After fiddling around a few more runs we consistently was getting the same numbers and a/f was right around 12.5:1. Final numbers were within spitting distance of 400whp.

The last runs under the 12.5:1 a/f were: 399.9whp/396.8wtq and 399.3whp/397wtq

Needless to say we were all ecstatic with the results. All were done on a dyno dynamics dyno sae corrected.


----------



## G.T.O (Dec 28, 2005)

Fantastic numbers! I hope you can get that beast to the track soon.


----------



## LYNMUP (Nov 26, 2005)

Hey FATNICK!

I noticed in your signature you state your car is 1 of 645. Now after geting those numbers wouldn't you have to change your sig to read "1 of 1"?

Congrats!
arty:


----------



## fat nick (Aug 21, 2005)

Haha. I like that:lol:


----------



## ShAkz05GTO (Dec 9, 2005)

fat nick said:


> Today I went to my local shop, Dynotuned Performance in Chesapeake, VA and picked up my brand new LS2 Predator they had ordered for me. We get ready to custom tune it. We strap it down and run a baseline. *Baseline before was 383whp, since then I've added a t-stat*. We strapped it down and it made 386whp. Basically 3whp for t-stat. We then download the regular predator preset tune into the car and dyno it again. This time it makes 390whp. A/f is in low 10's from 5k up, so obviously we had some room to work with it.
> 
> After fiddling around a few more runs we consistently was getting the same numbers and a/f was right around 12.5:1. Final numbers were within spitting distance of 400whp.
> 
> ...


Doesn't sound too bad!!


----------



## LYNMUP (Nov 26, 2005)

Doesn't the Predator tuner have the ability to eliminate the skip shift feature? If so, wanna sell your skip shift plug?


----------



## GTODEALER (Jan 7, 2005)

You got 58 rwhp and 60 rwtq off of a Diablo tuner, LPE cai, muffler delete, and a 160 t-stat........ you sound about 25 rwhp over everyone else who's done these mods.... you either have a factory freak or you're not telling the whole story. Either way nice numbers!! Post the dyno graph!!!!


----------



## gameover (May 13, 2005)

GTODEALER said:


> You got 58 rwhp and 60 rwtq off of a Diablo tuner, LPE cai, muffler delete, and a 160 t-stat........ you sound about 25 rwhp over everyone else who's done these mods.... you either have a factory freak or you're not telling the whole story. Either way nice numbers!! Post the dyno graph!!!!
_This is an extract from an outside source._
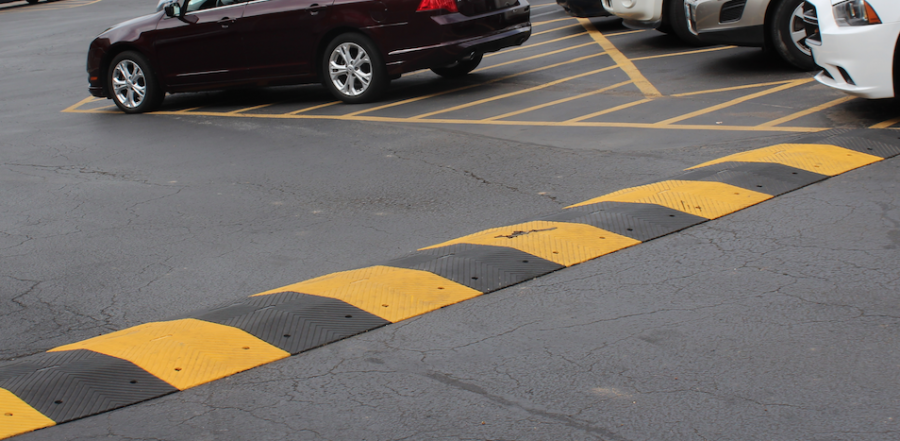 New speed bumps help ensure the safety in the parking lot for Ladue students and faculty.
My thoughts exactly, He's 22hp over me and I've got alot more done than him.

Not trying to rain on your parade Nick, just seems unusual.:cheers


----------



## fat nick (Aug 21, 2005)

I'm getting hooked up for a free run on a dynojet by one of the local guys on a local forum. Going sat morning, will post results.


----------



## LYNMUP (Nov 26, 2005)

FATNICK!

PM has been sent!


----------



## GTODEALER (Jan 7, 2005)

fat nick said:


> I'm getting hooked up for a free run on a dynojet by one of the local guys on a local forum.  Going sat morning, will post results.


Sweet! Remember to post the dyno graph!! Don't think we are trying to get you down or we're doubting you, you're just getting better numbers than everyone else. I just don't want this turning into a pissing contest.:cheers


----------



## Braman'sGTO (Mar 14, 2005)

I have seen Fatnicks Graph, its no Bullsh!t. He has high milage on his GTO and I have been tracking HP and TQ gains based on milage on my GTO over the first 5000 Miles. DTP has Dynoed several GTO's and all are dynoing around the same HP an around the same milage. At 500 miles I dinoed in the mid 320s on both HP and TQ when I was seeing numbers from others in the mid 340's and thaught I was way low, but have found that our numbers are right were they should be.


----------